By Wayne William Cipriano
I got a new credit card the other day. Rosalie was against it but I was seduced by the promise to give me a $100 cash bonus if I charged $500 during the next 90 days. The card also gives us 1½% of our total purchases back in cash.
We always pay off the entire balance on all our cards monthly (we’re going to pay it all eventually, aren’t we?) so the usurious interest rates these card companies charge do not effect us.
This card’s 1½% is ½% more than any other card we have and that extra ½% cash back really adds up over a year. We certainly don’t buy anything we do not really need with credit cards, so it was pretty easy to convince Rosalie that this new card was a good idea. She dislikes having many credit cards so we will be retiring a card with a 1% return in favor of this new 1½% deal. And, it goes without saying that should another card come along with a better bonus arrangement, we will trade this new card for an even newer one.
I did run into a small problem when I called this new card company to limit as much as possible the sharing of our information in the way all financial companies are required to offer us.
I got transferred over and over, kept on hold for extended times, and finally got the limits on information sharing completed after speaking with four different people at four different locations. It was very easy for me to recognize that the people with whom I was speaking were Americans, and it was most disheartening to me to be so incompetently shuffled from location to location, each person expressing their heartfelt apologies for the long hold times and for having been sent to the wrong location.
Recall that this was not a very complicated request on my part. You have seen these folders about limiting the sharing of our information. They are so uniform in appearance and so regularly received by us that they must be Federally mandated. And since so many of us call to limit that information sharing, these telephone representatives must receive these calls all day long, right?
These folks weren’t picking on me. These long wait times and misdirection are no doubt standard, and that is why I am so disheartened. Where will all these American telephone reps work when all these business calls are handled by people in the Philippines or in India / Pakistan? At what will our citizens work when they are so poorly educated and pitifully trained that they cannot process a routine telephone request appropriately?

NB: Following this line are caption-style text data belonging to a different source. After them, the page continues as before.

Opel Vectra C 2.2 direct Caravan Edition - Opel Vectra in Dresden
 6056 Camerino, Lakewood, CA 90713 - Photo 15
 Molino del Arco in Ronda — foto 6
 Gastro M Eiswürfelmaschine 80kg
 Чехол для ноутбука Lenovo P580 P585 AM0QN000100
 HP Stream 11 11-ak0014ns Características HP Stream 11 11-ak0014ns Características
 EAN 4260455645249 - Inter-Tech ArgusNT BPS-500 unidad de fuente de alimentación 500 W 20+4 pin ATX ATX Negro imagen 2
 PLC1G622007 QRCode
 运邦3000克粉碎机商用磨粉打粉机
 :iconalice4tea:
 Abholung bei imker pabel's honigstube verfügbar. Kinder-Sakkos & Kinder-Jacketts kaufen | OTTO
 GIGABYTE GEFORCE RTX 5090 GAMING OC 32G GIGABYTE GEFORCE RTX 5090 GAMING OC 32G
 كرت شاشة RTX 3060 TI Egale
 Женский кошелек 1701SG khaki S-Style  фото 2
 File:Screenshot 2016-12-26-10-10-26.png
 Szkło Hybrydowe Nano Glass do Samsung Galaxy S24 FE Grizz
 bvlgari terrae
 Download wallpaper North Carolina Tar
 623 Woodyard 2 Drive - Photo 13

Maybe it is a global economy and all my telephone requirements can be handled by people living thousands of miles away in foreign countries. Maybe all the goods and services I desire can be imported from outside the United States of America. And maybe all that can be provided to me at less cost when it comes from “over there” instead of “over here.”
But what is going to happen to our kids when they go looking for employment as poorly prepared as they are? And what is going to happen to their kids? It isn’t getting any better, is it? And, tick…tock, time is going by.
This is the Unites States of America. We CAN pretty much do anything we put our minds to. What SHOULD we do?